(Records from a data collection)
---*---

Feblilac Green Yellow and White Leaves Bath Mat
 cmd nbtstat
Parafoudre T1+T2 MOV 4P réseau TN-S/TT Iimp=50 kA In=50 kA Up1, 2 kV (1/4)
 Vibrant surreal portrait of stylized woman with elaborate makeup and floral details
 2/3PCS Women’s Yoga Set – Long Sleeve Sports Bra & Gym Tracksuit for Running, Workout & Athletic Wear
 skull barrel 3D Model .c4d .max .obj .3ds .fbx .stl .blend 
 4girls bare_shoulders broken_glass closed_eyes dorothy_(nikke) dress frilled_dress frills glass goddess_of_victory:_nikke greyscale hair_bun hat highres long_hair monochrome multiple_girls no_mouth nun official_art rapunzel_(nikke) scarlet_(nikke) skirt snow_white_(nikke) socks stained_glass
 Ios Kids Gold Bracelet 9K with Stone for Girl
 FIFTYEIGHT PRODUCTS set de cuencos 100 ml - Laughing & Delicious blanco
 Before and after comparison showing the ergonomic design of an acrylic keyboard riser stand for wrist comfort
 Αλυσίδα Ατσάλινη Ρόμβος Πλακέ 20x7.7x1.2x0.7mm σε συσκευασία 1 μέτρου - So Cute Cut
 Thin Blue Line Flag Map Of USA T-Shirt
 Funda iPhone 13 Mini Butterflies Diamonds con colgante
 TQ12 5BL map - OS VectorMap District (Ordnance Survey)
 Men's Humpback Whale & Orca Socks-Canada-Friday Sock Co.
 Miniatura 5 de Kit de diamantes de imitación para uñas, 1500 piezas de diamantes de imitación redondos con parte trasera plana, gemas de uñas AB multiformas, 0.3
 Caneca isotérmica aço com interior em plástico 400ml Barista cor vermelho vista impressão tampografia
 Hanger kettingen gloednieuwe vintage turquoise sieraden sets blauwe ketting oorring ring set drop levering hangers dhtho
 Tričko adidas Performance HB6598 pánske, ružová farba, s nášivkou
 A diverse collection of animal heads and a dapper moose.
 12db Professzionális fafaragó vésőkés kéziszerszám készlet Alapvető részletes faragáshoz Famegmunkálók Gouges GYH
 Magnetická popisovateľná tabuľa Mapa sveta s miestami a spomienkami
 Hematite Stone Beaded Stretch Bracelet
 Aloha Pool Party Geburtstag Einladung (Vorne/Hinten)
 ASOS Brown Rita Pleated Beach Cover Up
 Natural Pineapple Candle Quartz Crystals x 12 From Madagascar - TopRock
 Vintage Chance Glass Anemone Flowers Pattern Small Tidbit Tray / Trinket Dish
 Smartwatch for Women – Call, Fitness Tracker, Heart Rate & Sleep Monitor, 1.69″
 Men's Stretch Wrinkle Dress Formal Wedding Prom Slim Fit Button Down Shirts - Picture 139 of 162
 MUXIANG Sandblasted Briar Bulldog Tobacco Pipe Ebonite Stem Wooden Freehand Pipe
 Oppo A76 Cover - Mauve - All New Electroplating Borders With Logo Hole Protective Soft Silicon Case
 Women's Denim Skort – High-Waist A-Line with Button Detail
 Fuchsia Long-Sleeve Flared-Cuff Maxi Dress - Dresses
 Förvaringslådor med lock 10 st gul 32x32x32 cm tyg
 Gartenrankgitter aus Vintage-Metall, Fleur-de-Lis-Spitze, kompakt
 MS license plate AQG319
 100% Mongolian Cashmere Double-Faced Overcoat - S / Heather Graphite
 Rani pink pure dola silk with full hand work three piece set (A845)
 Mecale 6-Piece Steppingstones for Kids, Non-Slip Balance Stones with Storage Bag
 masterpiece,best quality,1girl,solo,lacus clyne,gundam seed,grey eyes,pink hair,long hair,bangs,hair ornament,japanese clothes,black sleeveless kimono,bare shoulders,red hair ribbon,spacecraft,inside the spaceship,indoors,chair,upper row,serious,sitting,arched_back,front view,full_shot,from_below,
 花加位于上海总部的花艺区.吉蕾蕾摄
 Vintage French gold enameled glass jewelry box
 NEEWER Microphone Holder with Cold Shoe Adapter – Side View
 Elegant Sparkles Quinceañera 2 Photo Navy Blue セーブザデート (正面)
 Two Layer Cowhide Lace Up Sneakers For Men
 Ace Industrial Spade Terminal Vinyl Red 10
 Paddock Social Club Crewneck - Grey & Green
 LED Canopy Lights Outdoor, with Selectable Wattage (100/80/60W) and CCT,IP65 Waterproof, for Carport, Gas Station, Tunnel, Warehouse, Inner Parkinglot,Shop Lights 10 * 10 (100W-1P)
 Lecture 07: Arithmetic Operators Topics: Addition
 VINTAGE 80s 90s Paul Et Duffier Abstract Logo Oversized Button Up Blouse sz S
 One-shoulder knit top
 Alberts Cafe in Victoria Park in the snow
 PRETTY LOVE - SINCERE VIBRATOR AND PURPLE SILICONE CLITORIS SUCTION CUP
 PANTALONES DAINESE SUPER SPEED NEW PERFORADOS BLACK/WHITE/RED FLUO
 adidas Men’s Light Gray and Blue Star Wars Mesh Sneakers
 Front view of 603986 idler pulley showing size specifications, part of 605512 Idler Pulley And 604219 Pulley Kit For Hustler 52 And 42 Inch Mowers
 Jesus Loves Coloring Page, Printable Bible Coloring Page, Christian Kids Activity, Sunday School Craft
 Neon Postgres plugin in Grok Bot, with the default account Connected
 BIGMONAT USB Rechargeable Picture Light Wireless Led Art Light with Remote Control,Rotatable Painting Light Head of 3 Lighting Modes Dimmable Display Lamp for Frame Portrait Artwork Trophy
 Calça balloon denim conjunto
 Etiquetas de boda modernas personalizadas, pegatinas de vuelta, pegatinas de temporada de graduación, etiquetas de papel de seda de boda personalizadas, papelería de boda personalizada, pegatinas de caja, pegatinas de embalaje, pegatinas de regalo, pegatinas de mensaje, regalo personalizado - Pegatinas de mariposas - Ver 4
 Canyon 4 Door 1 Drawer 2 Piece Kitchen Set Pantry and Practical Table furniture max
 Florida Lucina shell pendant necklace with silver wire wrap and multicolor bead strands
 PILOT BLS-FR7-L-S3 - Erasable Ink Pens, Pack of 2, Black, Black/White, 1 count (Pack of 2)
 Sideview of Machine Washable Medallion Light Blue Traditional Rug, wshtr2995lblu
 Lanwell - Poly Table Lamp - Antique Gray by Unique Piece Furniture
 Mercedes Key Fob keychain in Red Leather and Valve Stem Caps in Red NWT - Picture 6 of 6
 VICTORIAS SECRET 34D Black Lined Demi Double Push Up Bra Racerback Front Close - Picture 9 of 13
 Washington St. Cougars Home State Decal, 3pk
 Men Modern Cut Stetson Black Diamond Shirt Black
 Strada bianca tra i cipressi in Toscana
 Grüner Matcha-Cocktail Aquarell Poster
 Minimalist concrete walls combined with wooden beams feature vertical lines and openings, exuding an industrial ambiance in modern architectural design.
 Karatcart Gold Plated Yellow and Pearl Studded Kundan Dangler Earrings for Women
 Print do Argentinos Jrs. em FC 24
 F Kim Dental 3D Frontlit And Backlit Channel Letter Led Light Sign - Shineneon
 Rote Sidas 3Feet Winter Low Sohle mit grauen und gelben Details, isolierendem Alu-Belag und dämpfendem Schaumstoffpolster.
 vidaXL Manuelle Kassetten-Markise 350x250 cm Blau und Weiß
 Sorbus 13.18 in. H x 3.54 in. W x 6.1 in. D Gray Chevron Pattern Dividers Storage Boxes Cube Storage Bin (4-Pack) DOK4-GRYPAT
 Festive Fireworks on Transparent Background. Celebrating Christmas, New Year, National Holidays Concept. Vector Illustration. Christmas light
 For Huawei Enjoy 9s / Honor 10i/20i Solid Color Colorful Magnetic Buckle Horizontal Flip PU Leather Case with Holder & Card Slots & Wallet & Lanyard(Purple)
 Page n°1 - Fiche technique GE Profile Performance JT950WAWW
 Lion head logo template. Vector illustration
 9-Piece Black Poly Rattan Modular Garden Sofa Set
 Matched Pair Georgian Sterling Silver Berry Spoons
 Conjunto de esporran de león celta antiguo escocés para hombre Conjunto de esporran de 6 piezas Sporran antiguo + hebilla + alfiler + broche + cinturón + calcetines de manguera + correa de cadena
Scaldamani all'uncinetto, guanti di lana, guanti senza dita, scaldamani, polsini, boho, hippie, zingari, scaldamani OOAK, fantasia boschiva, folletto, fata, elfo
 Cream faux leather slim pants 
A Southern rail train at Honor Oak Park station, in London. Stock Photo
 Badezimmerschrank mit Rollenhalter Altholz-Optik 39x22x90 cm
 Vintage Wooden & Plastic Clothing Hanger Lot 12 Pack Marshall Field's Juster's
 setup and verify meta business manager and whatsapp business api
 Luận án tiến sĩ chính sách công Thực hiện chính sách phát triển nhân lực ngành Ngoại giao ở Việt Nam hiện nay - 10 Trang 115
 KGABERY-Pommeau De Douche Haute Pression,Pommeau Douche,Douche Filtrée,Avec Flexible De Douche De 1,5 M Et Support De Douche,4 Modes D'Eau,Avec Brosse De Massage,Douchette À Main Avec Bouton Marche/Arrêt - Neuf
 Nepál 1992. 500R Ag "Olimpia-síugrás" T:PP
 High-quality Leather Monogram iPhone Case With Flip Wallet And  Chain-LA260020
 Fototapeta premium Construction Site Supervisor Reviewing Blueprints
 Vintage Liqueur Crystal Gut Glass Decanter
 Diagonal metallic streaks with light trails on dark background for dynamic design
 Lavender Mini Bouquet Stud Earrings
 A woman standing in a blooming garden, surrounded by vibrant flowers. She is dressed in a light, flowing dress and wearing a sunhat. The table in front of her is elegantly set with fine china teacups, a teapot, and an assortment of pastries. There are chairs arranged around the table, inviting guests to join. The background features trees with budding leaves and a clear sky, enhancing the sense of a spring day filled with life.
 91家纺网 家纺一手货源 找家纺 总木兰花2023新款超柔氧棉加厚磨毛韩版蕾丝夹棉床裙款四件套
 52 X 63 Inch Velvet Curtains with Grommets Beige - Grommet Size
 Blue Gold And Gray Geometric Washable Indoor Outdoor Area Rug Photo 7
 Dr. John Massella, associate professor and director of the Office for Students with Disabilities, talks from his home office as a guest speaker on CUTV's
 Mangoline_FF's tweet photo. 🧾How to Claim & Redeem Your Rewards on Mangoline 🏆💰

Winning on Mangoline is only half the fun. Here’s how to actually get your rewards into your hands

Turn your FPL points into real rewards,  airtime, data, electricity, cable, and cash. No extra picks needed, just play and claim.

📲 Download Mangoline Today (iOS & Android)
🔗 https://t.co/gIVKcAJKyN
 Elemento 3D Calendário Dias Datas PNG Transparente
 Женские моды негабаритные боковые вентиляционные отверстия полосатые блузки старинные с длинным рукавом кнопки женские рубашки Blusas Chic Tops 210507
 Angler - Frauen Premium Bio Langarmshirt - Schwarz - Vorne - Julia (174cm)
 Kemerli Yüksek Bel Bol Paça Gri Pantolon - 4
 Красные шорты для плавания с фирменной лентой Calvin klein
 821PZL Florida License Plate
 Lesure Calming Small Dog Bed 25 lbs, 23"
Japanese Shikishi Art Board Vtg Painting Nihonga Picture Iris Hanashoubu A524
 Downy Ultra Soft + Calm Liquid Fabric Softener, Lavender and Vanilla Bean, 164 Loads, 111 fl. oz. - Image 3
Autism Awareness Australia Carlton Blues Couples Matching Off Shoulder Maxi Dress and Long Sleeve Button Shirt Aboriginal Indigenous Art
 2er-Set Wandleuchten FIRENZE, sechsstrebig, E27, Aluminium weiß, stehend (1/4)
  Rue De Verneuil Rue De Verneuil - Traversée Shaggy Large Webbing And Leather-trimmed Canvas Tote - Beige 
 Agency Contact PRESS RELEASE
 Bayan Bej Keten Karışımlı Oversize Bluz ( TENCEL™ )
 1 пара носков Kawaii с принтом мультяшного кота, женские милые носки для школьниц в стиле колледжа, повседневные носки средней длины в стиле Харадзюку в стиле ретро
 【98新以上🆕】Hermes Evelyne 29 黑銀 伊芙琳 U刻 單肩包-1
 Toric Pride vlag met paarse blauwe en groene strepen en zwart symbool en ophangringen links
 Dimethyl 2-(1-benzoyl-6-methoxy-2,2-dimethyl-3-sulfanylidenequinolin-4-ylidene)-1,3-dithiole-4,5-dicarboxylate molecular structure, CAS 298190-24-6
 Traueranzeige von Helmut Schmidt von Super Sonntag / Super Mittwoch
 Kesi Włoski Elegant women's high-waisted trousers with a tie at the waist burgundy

---*---

● Exercise details:
Take the line above containing "Turn your FPL", the line containing "Lesure Calming Small", and all lines in between, and copy them exactly without anything else.

● Answer section:
Turn your FPL points into real rewards,  airtime, data, electricity, cable, and cash. No extra picks needed, just play and claim.

📲 Download Mangoline Today (iOS & Android)
🔗 https://t.co/gIVKcAJKyN
 Elemento 3D Calendário Dias Datas PNG Transparente
 Женские моды негабаритные боковые вентиляционные отверстия полосатые блузки старинные с длинным рукавом кнопки женские рубашки Blusas Chic Tops 210507
 Angler - Frauen Premium Bio Langarmshirt - Schwarz - Vorne - Julia (174cm)
 Kemerli Yüksek Bel Bol Paça Gri Pantolon - 4
 Красные шорты для плавания с фирменной лентой Calvin klein
 821PZL Florida License Plate
 Lesure Calming Small Dog Bed 25 lbs, 23"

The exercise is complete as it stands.